Department of Chemistry and Biochemistry, University of Notre Dame, Notre Dame, IN 46556 (USA).
Department of Chemistry, Holy Cross College, Notre Dame, IN 46556 (USA).
Angew Chem Int Ed Engl. 2015 Dec 14;54(51):15448-51. doi: 10.1002/anie.201507688. Epub 2015 Oct 30.

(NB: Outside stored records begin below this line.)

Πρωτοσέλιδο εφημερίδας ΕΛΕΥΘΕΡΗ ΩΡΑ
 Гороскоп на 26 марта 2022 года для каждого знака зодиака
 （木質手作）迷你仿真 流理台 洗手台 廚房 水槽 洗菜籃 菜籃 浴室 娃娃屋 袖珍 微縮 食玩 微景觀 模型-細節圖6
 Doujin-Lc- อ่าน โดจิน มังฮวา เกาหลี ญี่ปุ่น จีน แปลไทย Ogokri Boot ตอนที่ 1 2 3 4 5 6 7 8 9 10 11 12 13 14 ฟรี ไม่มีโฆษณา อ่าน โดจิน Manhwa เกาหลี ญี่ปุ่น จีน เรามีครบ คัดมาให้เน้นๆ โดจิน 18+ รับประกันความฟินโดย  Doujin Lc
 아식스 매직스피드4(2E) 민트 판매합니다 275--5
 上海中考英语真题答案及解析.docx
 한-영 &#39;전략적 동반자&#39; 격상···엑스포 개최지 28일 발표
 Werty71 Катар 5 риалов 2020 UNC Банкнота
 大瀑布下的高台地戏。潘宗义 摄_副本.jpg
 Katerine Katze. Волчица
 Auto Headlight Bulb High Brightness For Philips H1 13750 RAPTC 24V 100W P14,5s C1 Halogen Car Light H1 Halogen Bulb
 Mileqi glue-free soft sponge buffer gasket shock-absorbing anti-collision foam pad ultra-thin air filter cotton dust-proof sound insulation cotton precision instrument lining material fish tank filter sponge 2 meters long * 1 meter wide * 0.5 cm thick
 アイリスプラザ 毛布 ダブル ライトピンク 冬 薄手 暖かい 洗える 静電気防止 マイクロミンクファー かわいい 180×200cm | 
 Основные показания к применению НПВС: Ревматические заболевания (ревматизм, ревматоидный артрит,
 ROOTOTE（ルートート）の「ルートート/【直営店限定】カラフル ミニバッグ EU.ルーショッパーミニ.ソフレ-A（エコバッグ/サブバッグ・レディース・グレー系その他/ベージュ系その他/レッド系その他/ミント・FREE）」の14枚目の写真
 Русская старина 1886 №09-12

The preparation of 7-Fc(+) -8-Fc-7,8-nido-C2 B9 H10 (Fc(+) FcC2 B9 (-) ) demonstrates the successful incorporation of a carborane cage as an internal counteranion bridging between ferrocene and ferrocenium units. This neutral mixed-valence Fe(II) /Fe(III) complex overcomes the proximal electronic bias imposed by external counterions, a practical limitation in the use of molecular switches. A combination of UV/Vis-NIR spectroscopic and TD-DFT computational studies indicate that electron transfer within Fc(+) FcC2 B9 (-) is achieved through a bridge-mediated mechanism. This electronic framework therefore provides the possibility of an all-neutral null state, a key requirement for the implementation of quantum-dot cellular automata (QCA) molecular computing. The adhesion, ordering, and characterization of Fc(+) FcC2 B9 (-) on Au(111) has been observed by scanning tunneling microscopy.
7-Fc(+) -8-Fc-7,8-nido-C2 B9 H10 (Fc(+) FcC2 B9 (-))的制备证明了将笼状硼烷作为桥连配体成功地引入到二茂铁和二茂铁阳离子单元之间。这种中性混合价态 Fe(II)/Fe(III) 配合物克服了由外部抗衡离子施加的近端电子偏置,这是分子开关应用中的一个实际限制。紫外可见-近红外光谱和 TD-DFT 计算研究的组合表明,在 Fc(+) FcC2 B9 (-) 内的电子转移是通过桥介导机制实现的。因此,这个电子框架提供了实现量子点细胞自动机(QCA)分子计算的全中性零状态的可能性,这是 QCA 分子计算的关键要求。通过扫描隧道显微镜观察到 Fc(+) FcC2 B9 (-) 在 Au(111)上的粘附、有序和特性。